Александр Генис. Пушкин у Довлатова. - Сергей Довлатов: творчество, личность, судьба / Сост. А. Ю. Арьев. - СПб.: "Звезда", 1999.
ПУШКИН У ДОВЛАТОВА
1
Свою таллиннскую дочку Сашу
Довлатов назвал в честь Пушкина. Но говорил он о нем редко, совсем не так,
как о Достоевском, Фолкнере или даже Куприне. Исключение составляла «Капитанская
дочка», чей сюжет провоцирует на аналогии. Если правда, что главное для
писателя придумать не книгу, а автора, то соблазнительно представить, будто
«Зону» Довлатов писал от лица Петра Гринева, из которого мог бы получиться
прозаик не хуже Белкина.
Мне кажется, Довлатов узнавал
себя в Гриневе. В самом деле, Гринев, как надзиратель в «Зоне», — всегда
меж двух огней. При этом нельзя сказать, что он — над схваткой. Напротив,
Гринев — в гуще битвы, постоянно готовый к подвигу и смерти, но — не к
ненависти. Со своим автором он делит черту, из-за которой, как считает
Цветаева, Пушкина не взяли в декабристы, — «ненадежность вражды». Драма
Гринева в том, что, не поступившись своею, он способен понять — и принять
— другую точку зрения.
Это не оппортунизм Швабрина,
это — знаменитая «всеприимчивость» самого Пушкина, масштабы которой нам
мешает оценить школа, приучившая считать Пугачева народным героем. У настоящего
Пугачева, как напоминает та же Цветаева, с одного пленного офицера содрали
кожу, «вынули из него сало и намазали им свои раны».
Понимая, с каким героем
имел дело Пушкин, Довлатов писал: «В "Капитанской дочке" не без сочувствия
изображен Пугачев. Все равно как если бы сейчас положительно обрисовали
Берию».
Передав Гриневу свою философию, Пушкин открыл ему и тайну своей поэзии.

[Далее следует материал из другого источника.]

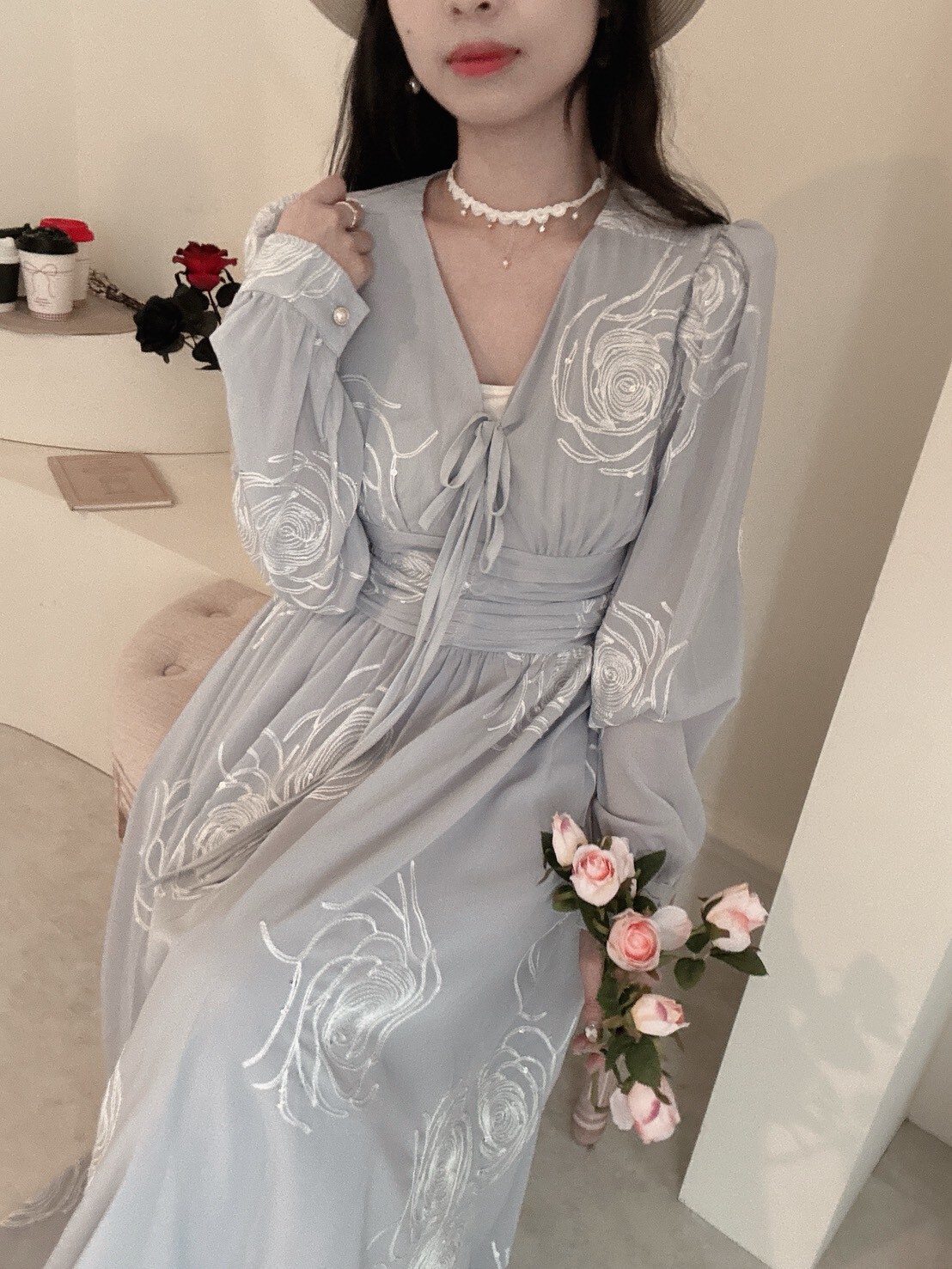 LINE_ALBUM_202648_260408_141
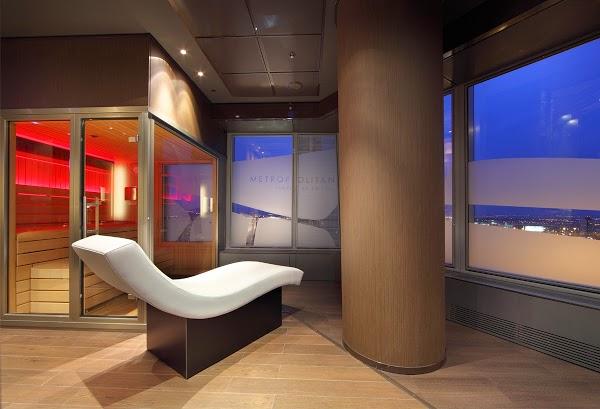 Imagen 8 Teatro Lope de Vega foto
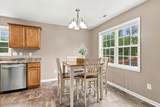 210 Gillespie Drive - Photo 6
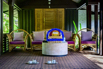 OasisSpa_2025_00002.jpg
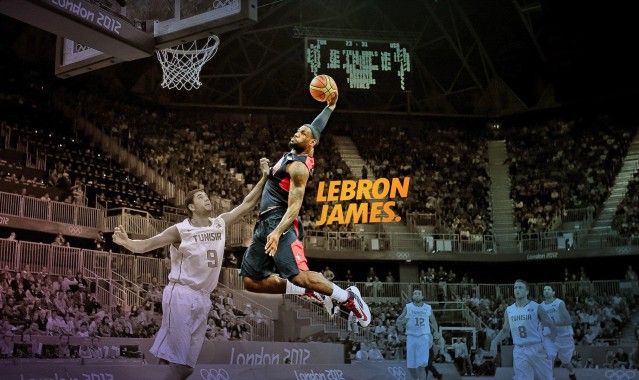 国安防线轮换三人遭击穿，德比失利暴露轻敌隐患？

В пугачевской ставке Гринев переживает поэтический экстаз. Темная красота
беспредела вызывает творческий импульс — «все потрясло меня каким-то пиитическим
ужасом».
Не так ли была зачата и
довлатовская проза? В «Зоне», после одного из самых скотских лагерных
эпизодов, довлатовского героя охватывает то состояние исключенности из
жизни, что и сделало из него писателя: «Мир стал живым и безопасным, как
на холсте. Он приглядывался к надзирателю без гнева и укоризны».
2
Если «Капитанская дочка»
могла служить отправной точкой «Зоны», то для своей лучшей книги Довлатов
использовал самого Пушкина. «Заповедник» вылеплен по пушкинскому образу
и подобию, хотя это и не бросается в глаза. Умный прячет лист в лесу, человека
— в толпе, Пушкина — в Пушкинском заповеднике.

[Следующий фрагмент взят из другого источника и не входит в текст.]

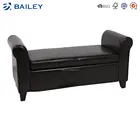 House furnitures Preferential Price Newest Model Bench Seat Sofas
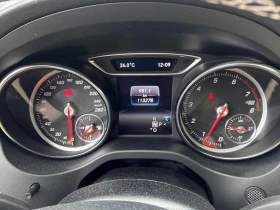 Mercedes-Benz GLA 250 * CARFAX * ����� �� �����������  | Mobile.bg � ����� ������ 8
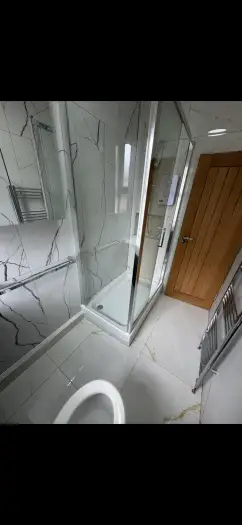 Click Here To Enlarge This Photo Of 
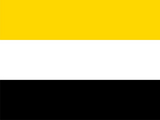 Discover Garifuna people ethnic flag Arawakan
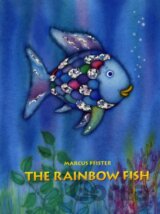 The Rainbow Fish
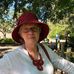 Kathy Prosser - Facebook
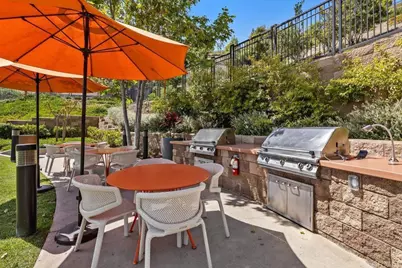 8383 Distinctive, San Diego, CA 92108 - Photo 42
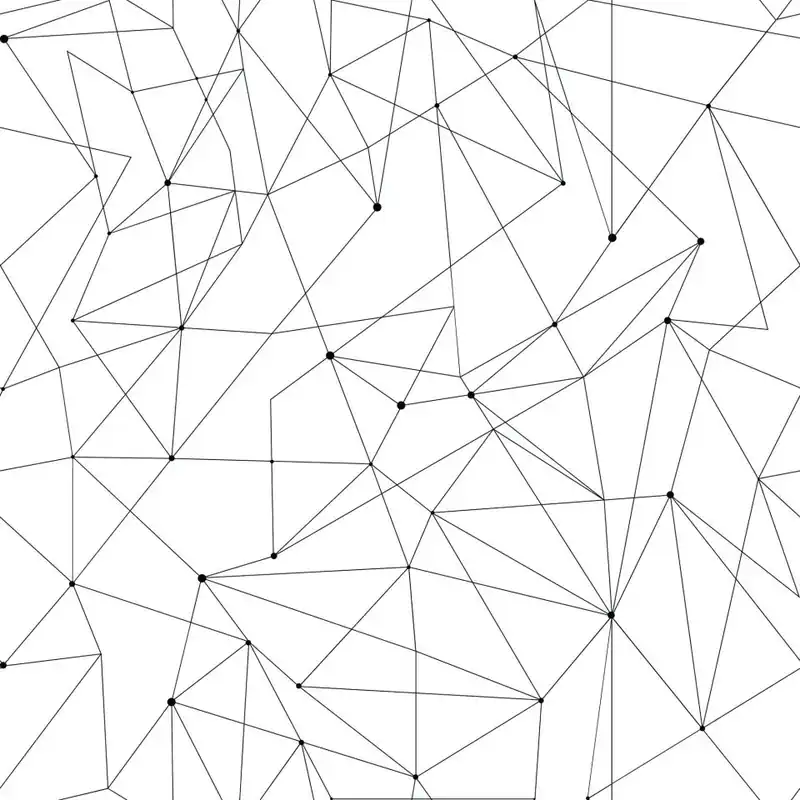 Tapeta Nowoczesne Wzory Geometryczne Flizelina 53x1000 Super okazja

Довлатов изображает Заповедник русским Диснейлендом. Тут нет и не может
быть ничего подлинного. Завод по производству фантомов, Заповедник заражает
всю окружающую его среду. Поэтому встреченный по пути псковский Кремль
напоминает герою «громадных размеров макет». По мере приближения к эпицентру
фальши сгущается абсурд. Иногда он материализуется загадочными артефактами
вроде брошюры «Жемчужина Крыма» в экскурсионном бюро Пушкинских Гор.
Главный продукт Заповедника,
естественно, сам Пушкин, Уже на первой странице появляется «официант с
громадными войлочными бакенбардами». Эти угрожающие бакенбарды, как Нос
Гоголя, превратятся в навязчивый кошмар, который будет преследовать героя
по всей книге: «На каждом шагу я видел изображение Пушкина. Даже возле
таинственной кирпичной будочки с надписью "Огнеопасно"». Сходство исчерпывалось
бакенбардами».
Бесчисленные Пушкины, наводняющие
Заповедник, суть копии без оригинала, другими словами — симулякры (хорошо,
что Довлатов этого не прочтет).
Единственное место в «Заповеднике», где Пушкина нет, — это сам Заповедник.
Подспудный, почти сказочный сюжет Довлатова — поиски настоящего Пушкина,
откроющего тайну, которая поможет герою стать самим собой.
Описываемые в «Заповеднике»
события произошли, когда Сергею было 36, но герой его попал в Заповедник
в 31 год, вскоре после своего «тридцатилетия, бурно отмечавшегося в ресторане
"Днепр"».
Почему же изменил свой возраст
автор, любивший предупреждать читателя, что «всякое сходство между героями
книги и живыми людьми является злонамеренным. А всякий художественный
домысел — непредвиденным и случайным»? Думаю, потому, что 31 год было Пушкину,
когда он застрял в Болдино. Совпадение это умышленное и красноречивое,
ибо свое лето в Заповеднике Довлатов выстраивает по образцу Болдинской
осени.
Заботливо, но ненавязчиво
Сергей накапливает черточки сходства. Жена, которая то ли есть — то ли
нет. Рискованные и двусмысленные отношения с властями. Мысли о побеге.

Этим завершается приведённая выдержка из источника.